Reproduce the entries exactly and omit the pictures.

* **RECORDS SHOWN**
§
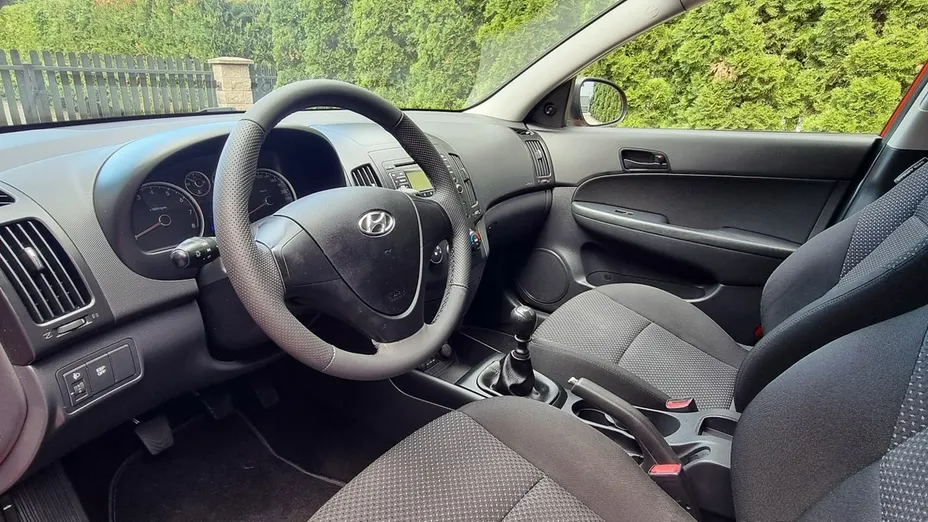 HYUNDAI i30 -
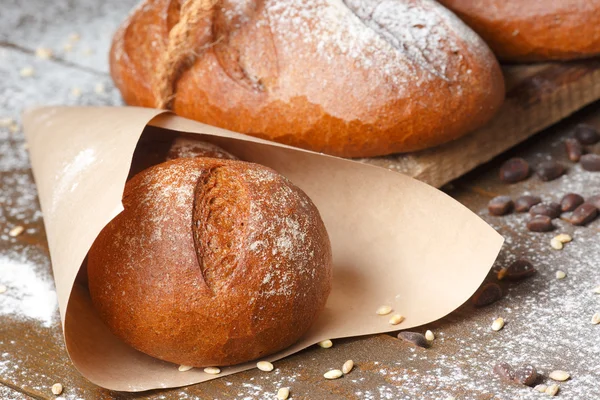 Mängd rågbröd på trä bakgrund — Stockfoto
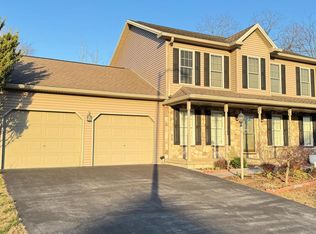 7690 Catherine Dr, Harrisburg, PA 17111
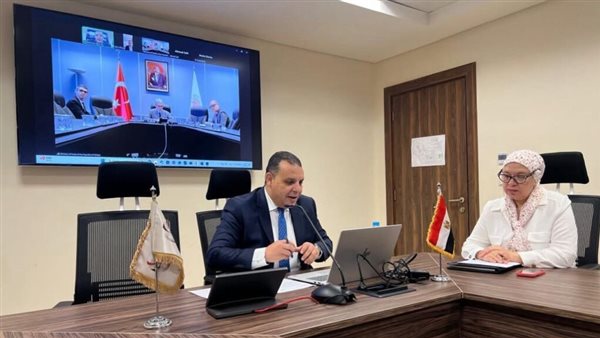 خلال اللقاء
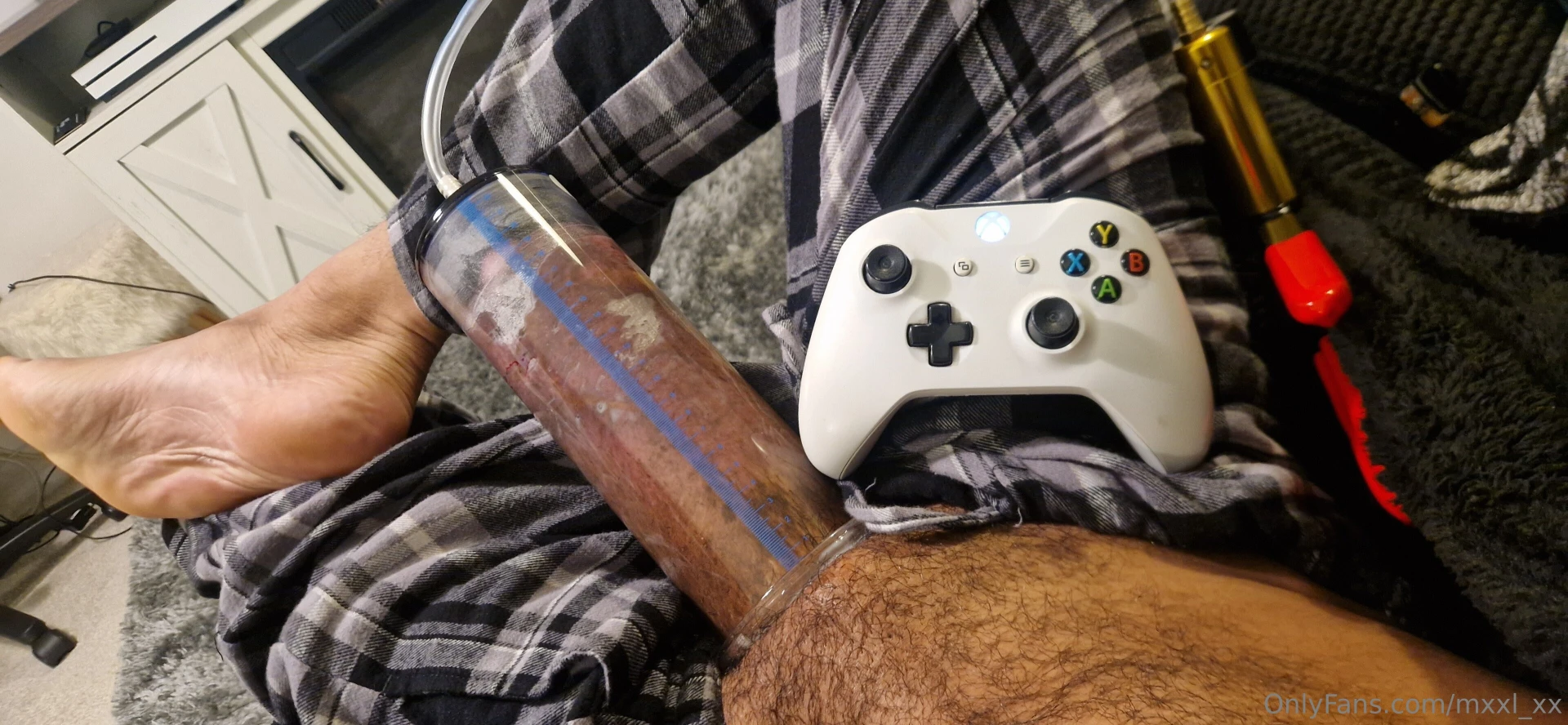 Now that xmas is over i can finally enjoy a good cock pumping session part 4 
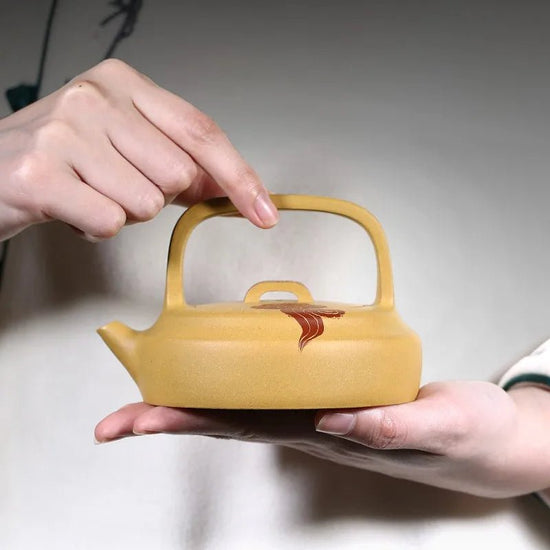 Zanghutianxia Yixing Zisha Teapot Famous Dai Chengguang Pure Handmade Teapot Tea Set Raw Ore Gold Segment Mud Xiangyun Lifting H - China Tea Store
§
* **REPLY**
 HYUNDAI i30 -
 Mängd rågbröd på trä bakgrund — Stockfoto
 7690 Catherine Dr, Harrisburg, PA 17111
 خلال اللقاء
 Now that xmas is over i can finally enjoy a good cock pumping session part 4 
 Zanghutianxia Yixing Zisha Teapot Famous Dai Chengguang Pure Handmade Teapot Tea Set Raw Ore Gold Segment Mud Xiangyun Lifting H - China Tea Store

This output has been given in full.